On a related tack, I've been toying with the idea of writing my NEXT book as an open source project from start to finish. We would begin by posting a chapter outline and letting anyone edit, contribute and annotate while we write. Do you think this would work? Would it be possible to publish the book commercially and get it into bookstores if the writing process took place within a GNU framework? Would the GNU license be necessary to attract collaborators?
Wow! That'd be really keen. With you and whoever else as editors and/or primary authors, you'd obviously have veto power over what changes get included, what changes get reversed, etc. If you managed to draw enough people to the project, I can't even begin to imagine the possible quality of the end result. When I'm reading books, I seem to find /all/ the typos, misspellings, and punctuation errors. I guess most books don't get very meticulous proofreadings (I have to read and digest every single word fairly slowly when I read, so my reading of a book does equal an insanely meticulous proofreading). Plus, I imagine such a project would likely attract fairly intelligent individuals. Having a number of acute minds contribute to the text would likely bring to the project more depth and scope, with people suggesting nuances, perspectives, and angles that the authors probably wouldn't have thought of otherwise.

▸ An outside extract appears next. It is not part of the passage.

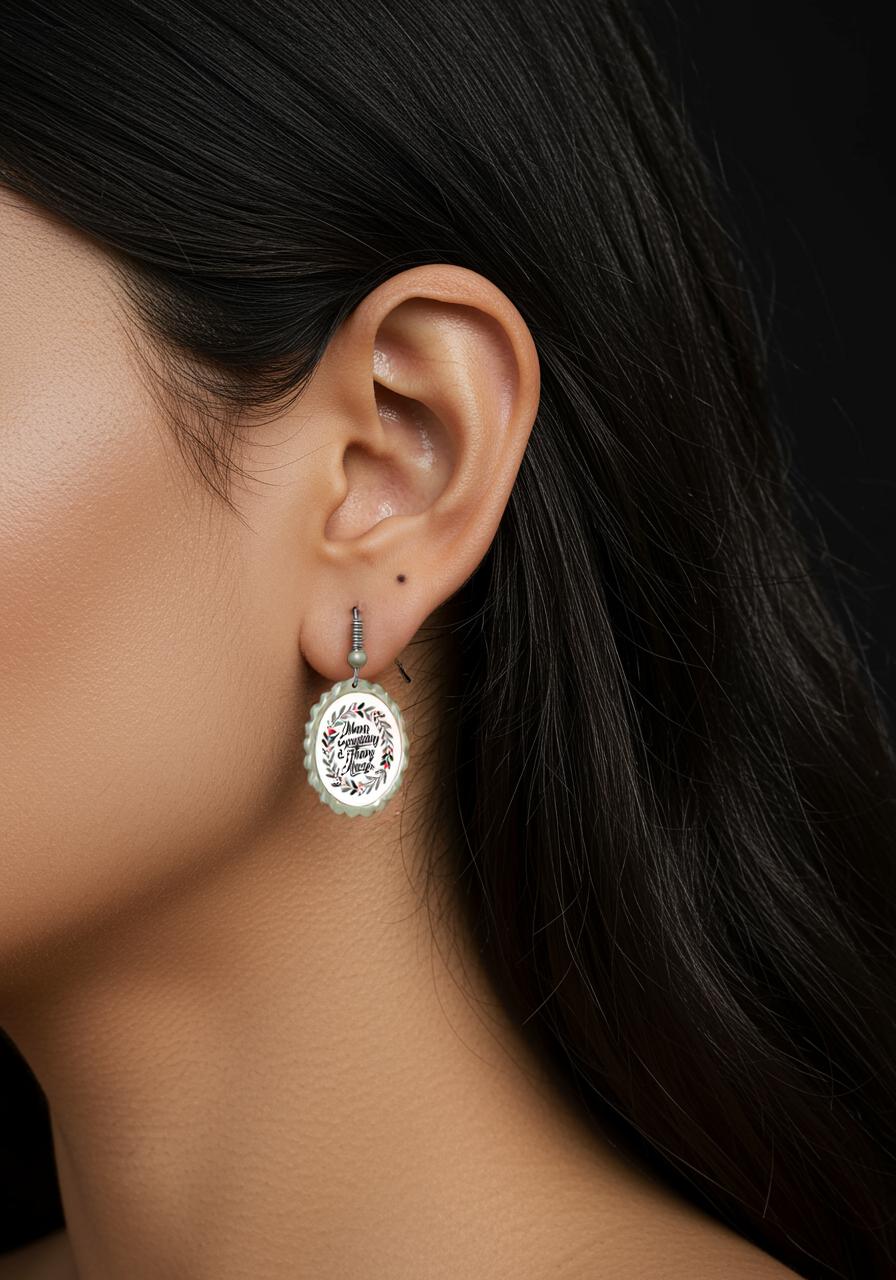 A close-up of a woman's ear showcases Mirabilia Boutique's Merry Everything Earrings: a larger laurel wreath earring with calligraphy and a silver stud. Her dark hair is tucked back, highlighting this festive holiday gift for her.
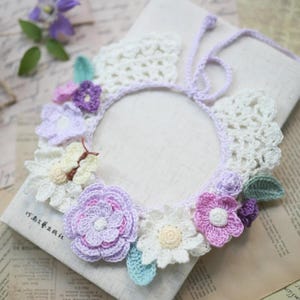 Puede incluir: Una guirnalda de flores de ganchillo con un dije de mariposa. La guirnalda está hecha de hilo blanco, morado, rosa y azul claro. Está atada con una cinta morada.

I'd certainly be interested in meaningfully contributing. And if you managed to advertise the project in the right channels, imagine the people that might drop by to throw in their two cents: Noam Chomsky, Howard Zinn, Ralph Nader, Jello Biafra, Greg Palast, Naomi Klein, Michael Parenti, RMS, countless anti-globalization kiddies (I use 'kiddie' in a good sense here, as I'm one of 'em), old peaceniks, numerous academics from around the world, etc. I don't see how you could go wrong.
So long as a history of all changes is kept, and so long as the authors/editors review all changes, I don't see how anything bad could come of the venture. (The part about authors/editors reviewing all changes shouldn't be too bad, as such a project certainly wouldn't have the volume of contributions as Wikipedia.)
And I don't think a GNU license would specifically be necessary. I, personally, would like to see a GNU license, 'cause I'm a big fan of RMS, and I've been a GNU kiddie since I was 15 or so. But there are plenty of good GPL-ish (or at least BSD-ish) licenses out there that people respect: Open Content License, Open Publishing License, Artistic License, or roll your own, etc.